The zinc-cobalt alloy-plating bath according to the present invention may also comprise conventionally known chelating agents and/or brighteners. Examples of such chelating agents include aminoalcohols such as diethanolamine and triethanolamine; polyamines such as diethylenetriamine and triethylenetetramine; aminocarboxylic acid salts such as ethylenediaminetetraacetic acid salts and nitrilotriacetic acid salts; salts of oxycarboxylic acids such as citric acid salts, tartaric acid salts, gluconic acid salts and glycolic acid salts; polyhydric alcohols such as sorbit and pentaerythritol; and mixture thereof. The concentration thereof may arbitrarily be selected, but preferably ranges from 1 to 200 g/l.

Moreover, examples of brighteners are those used in known Zn or zn alloy-plating baths such as a reaction product of diethylenetriamine with epichlorohydrin; reaction products of nitrogen atom-containing heterocyclic compounds with epihalohydrins as disclosed in Japanese Examined Patent Publication No. Sho 53-32344; and aromatic aldehydes such as vanillin and benzaldehyde, which may be used alone or in any combination. The brighteners of this kind are easily commercially available from, for instance, Dipsol Co., Ltd. under the trade names of NZ-71S, NZ-65S and IZ-260S.

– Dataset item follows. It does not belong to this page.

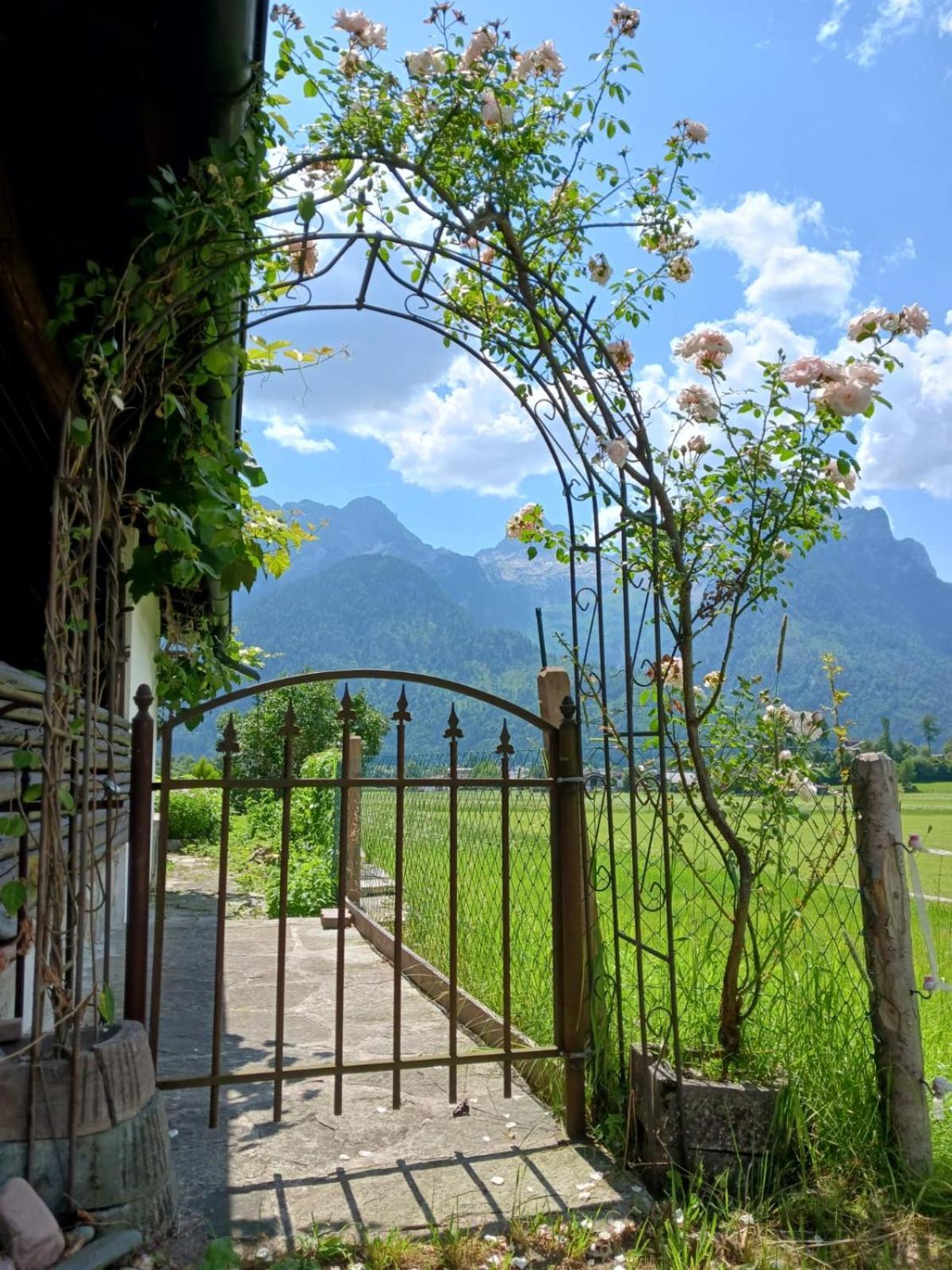 Chalet Scheffsnoth Lofer Εξωτερικό φωτογραφία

If the reaction product of an alkyleneamine with an alkylene oxide is used as a brightener, the chelating agent may be a gluconic acid salt, a tartaric acid salt, a citric acid salt, an aliphatic amine and an aminoalcohol, but they are not preferred so much since they may impair the ability of treating waste water resulting from the plating bath. It is rather preferred to use the reaction products of alkyleneamines with alkylene oxides as chelating agents and to use the foregoing brighteners simultaneous with the reaction products. In this respect, the concentration of the brightener is preferably adjusted to the range of from 0.1 to 2 g/l.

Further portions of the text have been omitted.